Thanksgiving ist das größte Fest in Amerika, wichtiger als Weihnachten, weil alle es feiern, konfessionsübergreifend, egal ob sie in die Kirche, die Synagoge, die Moschee, den Hindutempel oder in gar kein Gotteshaus gehen. Seinen Charme bezieht es zudem aus der Tatsache, dass auf Geschenke weitgehend verzichtet wird. Ein Stressfaktor weniger. In einem Land, das so von Konsum und Kommerz geprägt ist wie die USA, ist das eine Wohltat.

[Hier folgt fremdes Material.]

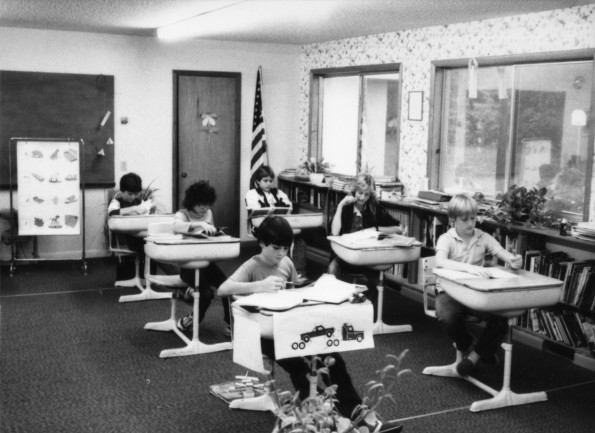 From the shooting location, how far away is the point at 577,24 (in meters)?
5.36

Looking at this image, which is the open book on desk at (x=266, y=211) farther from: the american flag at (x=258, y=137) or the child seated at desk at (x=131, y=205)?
the american flag at (x=258, y=137)

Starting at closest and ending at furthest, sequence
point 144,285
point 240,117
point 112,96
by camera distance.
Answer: point 144,285 < point 112,96 < point 240,117

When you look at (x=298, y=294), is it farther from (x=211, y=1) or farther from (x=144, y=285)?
(x=144, y=285)

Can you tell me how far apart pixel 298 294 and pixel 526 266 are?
8.59ft

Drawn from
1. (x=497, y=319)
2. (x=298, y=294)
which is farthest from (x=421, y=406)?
(x=298, y=294)

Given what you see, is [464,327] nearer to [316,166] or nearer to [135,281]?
[135,281]

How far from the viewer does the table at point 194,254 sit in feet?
16.4

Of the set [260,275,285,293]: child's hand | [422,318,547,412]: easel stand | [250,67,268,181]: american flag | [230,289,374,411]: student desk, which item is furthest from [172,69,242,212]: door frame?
[230,289,374,411]: student desk

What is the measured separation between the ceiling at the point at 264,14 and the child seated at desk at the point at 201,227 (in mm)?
1443

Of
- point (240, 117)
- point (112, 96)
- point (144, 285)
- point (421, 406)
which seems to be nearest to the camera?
point (421, 406)

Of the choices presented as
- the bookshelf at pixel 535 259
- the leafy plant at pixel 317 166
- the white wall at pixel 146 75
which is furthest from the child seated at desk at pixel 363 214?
→ the white wall at pixel 146 75

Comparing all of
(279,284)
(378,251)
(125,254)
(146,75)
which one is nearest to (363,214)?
(378,251)

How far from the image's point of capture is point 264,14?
6.39m

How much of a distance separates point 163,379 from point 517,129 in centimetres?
350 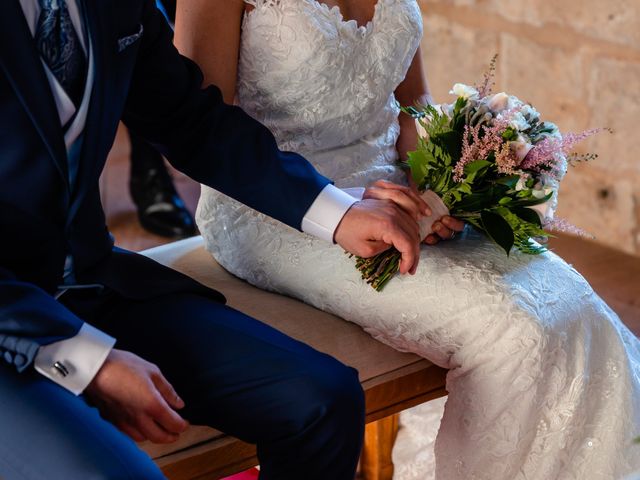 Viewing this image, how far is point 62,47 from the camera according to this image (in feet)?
5.43

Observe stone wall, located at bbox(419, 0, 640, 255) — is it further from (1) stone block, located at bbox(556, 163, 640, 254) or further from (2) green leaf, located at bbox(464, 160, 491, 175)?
(2) green leaf, located at bbox(464, 160, 491, 175)

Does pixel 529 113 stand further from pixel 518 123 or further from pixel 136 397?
pixel 136 397

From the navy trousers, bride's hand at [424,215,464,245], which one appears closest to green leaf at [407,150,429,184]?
bride's hand at [424,215,464,245]

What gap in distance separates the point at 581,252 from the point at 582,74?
70cm

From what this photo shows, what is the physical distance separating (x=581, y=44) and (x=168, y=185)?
184cm

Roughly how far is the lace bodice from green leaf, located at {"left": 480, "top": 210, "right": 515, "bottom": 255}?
1.37 feet

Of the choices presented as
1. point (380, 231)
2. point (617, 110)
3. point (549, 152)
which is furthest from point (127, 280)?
point (617, 110)

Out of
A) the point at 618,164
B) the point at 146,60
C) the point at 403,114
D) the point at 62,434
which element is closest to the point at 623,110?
the point at 618,164

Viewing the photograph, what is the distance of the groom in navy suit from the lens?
1.50 m

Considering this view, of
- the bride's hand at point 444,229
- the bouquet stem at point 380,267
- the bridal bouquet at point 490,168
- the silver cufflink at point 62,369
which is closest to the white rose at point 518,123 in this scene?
the bridal bouquet at point 490,168

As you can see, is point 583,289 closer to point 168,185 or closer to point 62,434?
point 62,434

Nur hält die Pause vom Kommerz nicht lange an: Am Black Friday, dem Freitag nach dem Thanksgiving Day, ergeben sich Millionen von Amerikanern dem Kaufrausch mit einem Eifer, als gelte es, die Pause schnellstens vergessen zu machen.

Black Friday, der Tag der Sonderangebote, läutet das Weihnachtsgeschäft ein. Den Mittwoch der Thanksgiving-Woche nennt der Volksmund übrigens Gridlock Day, den Tag der Verkehrsverstopfung, des Verkehrsinfarkts, an dem sich viel zu viele Menschen auf einmal auf den Weg nach Hause zur Familie machen. Die Flughäfen operieren schon seit dem Wochenende jenseits der Grenze ihrer Belastbarkeit.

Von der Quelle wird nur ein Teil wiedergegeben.